With the current sorry state of the JavaScript ecosystem, an ongoing struggle is the CJS/ESM modules hell. Whereby, importing CJS from ESM, or ESM from CJS. is troublesome in plain Node, and only really works well in bundlers. Sadly, many things will force you to use CJS (Due to not supporting ESM), and many many modules are ESM only, or otherwise CJS with no compatibility for Node's ESM named import rules, or file extension/no directory imports requirements.

An example is this https://github.com/segevfiner/playwright-ct-vue-on-issue/blob/main/src/components/__tests__/esm-hell.pw.ts

This test imports a TypeScript file that imports lodash-es which is ESM only. This fails in Playwright without "type": "module" set as you can't require an ESM module. With "type": "module", you then hit a truck load of other issues with the poor state of Node's native ESM mode. All imports in the entire code base, including in dependencies, must be adjusted to include file extensions, which TypeScript doesn't seem to check for, except with "module/moduleResolution": "node16" but that mode is troublesome with bundlers. Further more, many CJS modules are not compatible with named imports from ESM as they don't define their exports in a statically analyzable way, this again results in aggravating failures when trying to import them in Node's ESM mode.

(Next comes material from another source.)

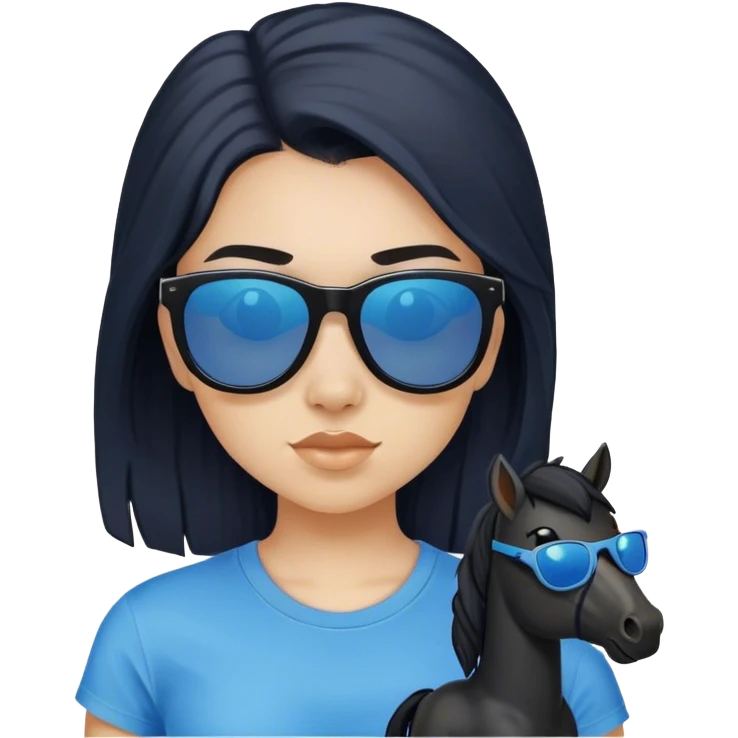 A girl with black long hair with pony, wearing sunglasses and a blue t-shirt. emoji
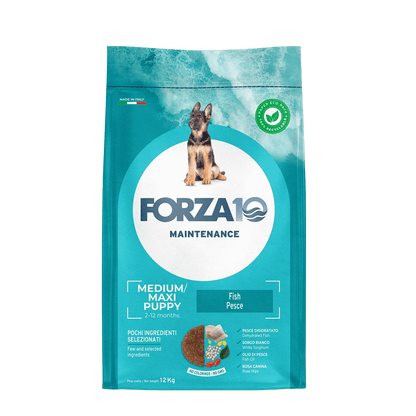 Forza10 Maintenance Puppy Medium/Maxi - pilnvērtīga, sabalansēta sausā barība&nbsp;ar zivīm vidējo un lielo šķirņu kucēniem 12 kg.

To handle this hellish nightmare, I found myself having to manually configure test runners to transform modules that have trouble importing in either CJS or ESM mode, depending on what the test runner uses, and to use tsx to run scripts as it transforms the modules using esbuild to the proper format before Node.

It would be very helpful if @playwright/test like Jest and Vitest, had a way to transform such problems modules too. When running in CJS mode, transform ESM modules to CJS, and vice versa when running in ESM mode, so that we are not limited by the annoying limitations of Node, which bundlers are not limited by, and can focus on actually writing code rather than fighting in the unholy CJS vs ESM purity war.

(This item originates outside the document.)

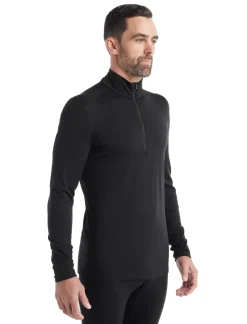 Icebreaker Mens 200 Oasis LS Half Zip Top - Black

In Jest this is done by configuring a negative lookahead regexp in transformIgnorePatterns, and configuring your transform to perform the needed conversion, e.g. Babel's ESM to CJS.

In Vitest you sometimes need to configure deps.inline, including all modules that lead to such a problem module, as Vitest doesn't transform after an inner import/require of a non-transformed module. (It's not a require/loader hook like Jest ATM).